Yes, Ashton Kutcher is God in that simile.
I'm a bit further down that road of "life experience" & I still mess up, still have a catalogue of things I don't know... but have come to realize that it's the people who think they know it all who are a danger to society! (like 28-year-old me).
On top of that I've realized that I like to learn, and what can you be learning if there isn't stuff you don't know...
But stepping back to the big picture of humanity as a self-sustaining system, it's the urge to both reproduce and ensure that fellow humans are sufficiently developed to not do totally daft things all the time that keeps "humanity" going as a thing (yes some slip through the cracks; so humanity invented politics to keep the nutters occupied, and democracy so that no one bunch of nutters gets to run things for too long).

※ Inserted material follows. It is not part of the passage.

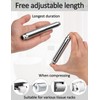 Toilet Paper Holder Roller Replacement, Stainless Steel Toilet Paper Roller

So investing yourself in your family is really what "the system" wants you to do - and you are probably wired to be fulfilled by that. And to be honest your family are probably the only lives you will really be able to influence, unless you also happen to be a mass murderer.
An idea that I keep coming back to (but that I haven’t yet articulated well) is that “meaning is dependent on scale.” This essay is a great addition to that intuition, so thanks for that.